## YOUR TASK
From the line containing "영종국제도시 명칭 확정을 축하하는 불꽃축제 행사." through the last line below, copy every line exactly, leaving out the pictures.
[[ GIVEN DATA open ]]
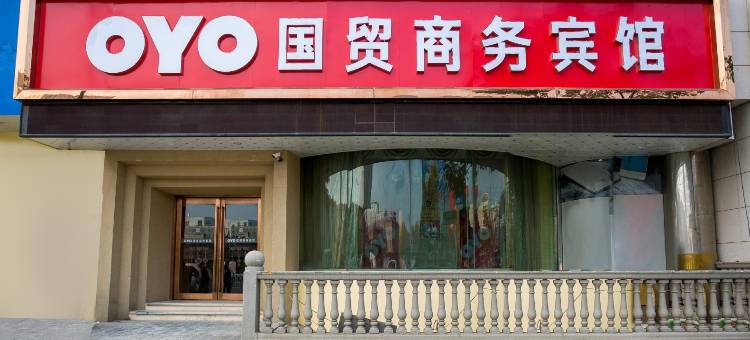 盐城 芸享精品酒店图片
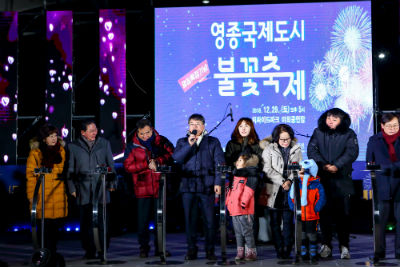 영종국제도시 명칭 확정을 축하하는 불꽃축제 행사.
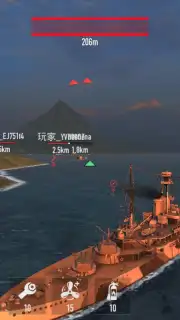 Battle of Warships capture 4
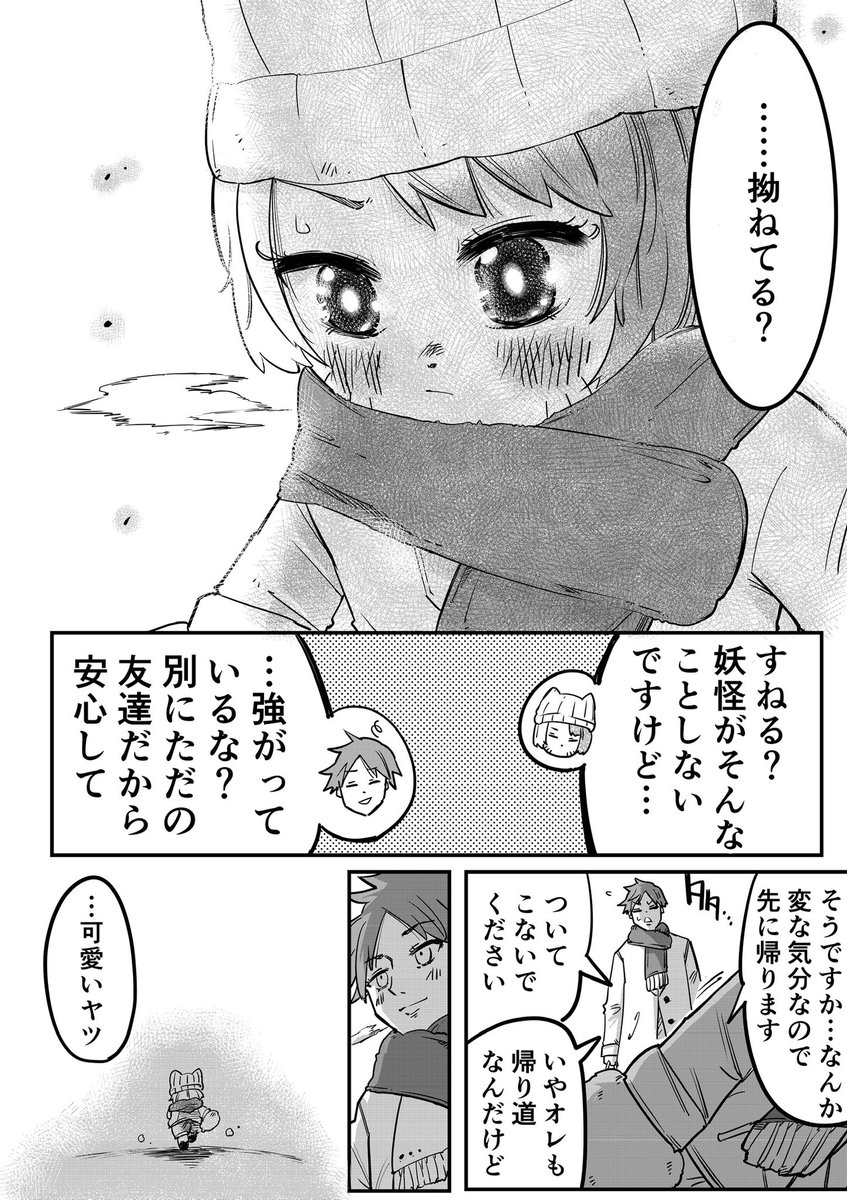 ネコムスメ、人間の女性に「イジワル」してしまう(4/4) 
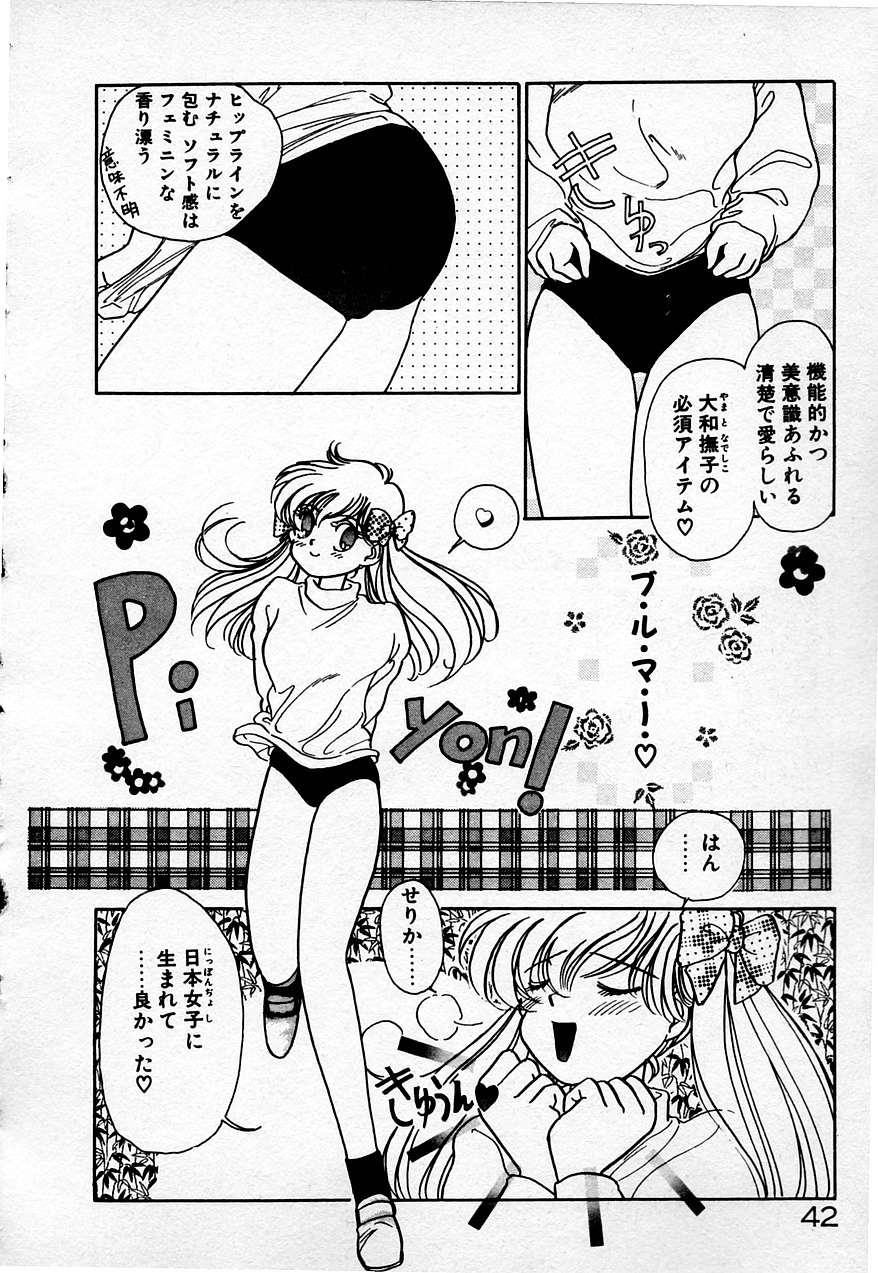 [Sano Takashi] Cheese Doll page 43 full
[[ GIVEN DATA closed ]]
## FINISHED TASK
 영종국제도시 명칭 확정을 축하하는 불꽃축제 행사.
 Battle of Warships capture 4
 ネコムスメ、人間の女性に「イジワル」してしまう(4/4) 
 [Sano Takashi] Cheese Doll page 43 full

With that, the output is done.